JAKARTA-KEMPALAN: Ketua Dewan Perwakilan Rakyat Republik Indonesia yang juga menjadi Ketua Bidang Politik dan Keamanan Dewan Pengurus Pusat Partai Demokrasi Indonesia Perjuangan Puan Maharani menjadi sorotan publik lagi berkenaan dengan sindirannya mengenai pemimpin yang ia sampaikan dalam sebuah acara di Wonogiri, Jawa Tengah.
Sindiran Puan itu disampaikan ketika memberikan sambutan pada acara kantor Dewan Perwakilan Cabang PDIP Wonogiri pada Selasa (26/4) yang mana ia berbicara mengenai pemimpin yang cinta Indonesia dan mau untuk bergotong royong.
“Saya minta itu adalah kembalilah ke jati diri akar Indonesia. Pilihlah orang yang betul-betul cinta Indonesia, dukung orang yang memang mau bergotong-royong untuk membangun bangsa ini bersama,” kata Puan di hadapan kader PDIP seperti yang dikutip Kempalan dari Detik.
Ketua DPR RI tersebut menguraikan alasannya mengajak kader partai berlambang banteng itu agar memilih pemimpin yang benar-benar mencintai Indonesia, karena menurut Puan, sekarang banyak masyarakat yang memilih pemimpin dengan asal-asalan bersumber dari media sosial.
“Kenapa saya ngomong ini?

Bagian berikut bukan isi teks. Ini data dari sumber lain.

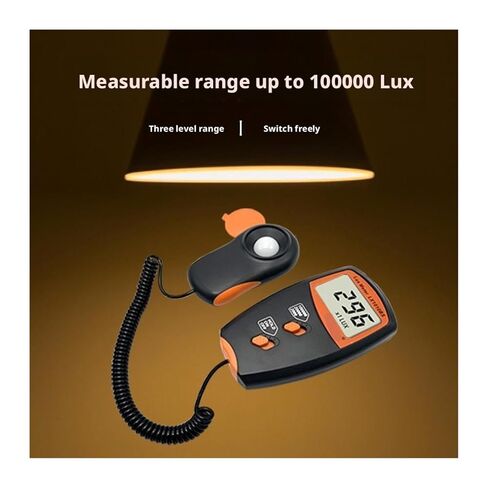 LX-1010BS Digital Illuminance Meter Photometer Luminance Tester in Saudi Arabia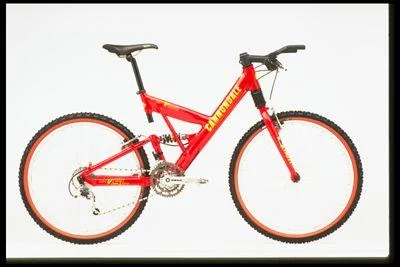 1998 Cannondale Super V 1000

Kadang-kadang sekarang kita ini suka ‘yo weslah dia saja asal ganteng, dia saja yang dipilih asal bukan perempuan, yo wes dia saja walau nggak iso opo-opo tapi yang penting dia itu kalau di socmed, di TV itu nyenengin‘, tapi kemudian nggak bisa kerja, nggak deket rakyat,” tuturnya.
Ia mengingatkan supaya tak memilih para pemimpin yang hanya terlihat di media massa atau media sosial serta mengimbau kader PDIP untuk memilih pemimpin yang turun ‘ke bawah’ lalu menyerap dan merealisasikan aspirasi masyarakat, jangan asal pilih karena kelihatan di panggung.
Sementara itu, politisi PDIP Masinton Pasaribu menyampaikan bahwa elektabilitas anak kandung Megawati Soekarnoputri itu meningkat akibat hasil kinerjanya yang sukses memimpin DPR RI yang berasal dari Lembaga Survei Independen dalam bursa calon presiden 2024 yang mana naik hingga mencapai 3,1 persen.
“Alhamdulillah. Yang menarik adalah Elektabilitas Mbak Puan meningkat bukan karena polesan bedak pencitraan semu, tetapi karena kinerja beliau sebagai Ketua DPR RI,” kata Masinton seperti yang dikutip Kempalan dari JPNN pada Jumat (29/4/2022).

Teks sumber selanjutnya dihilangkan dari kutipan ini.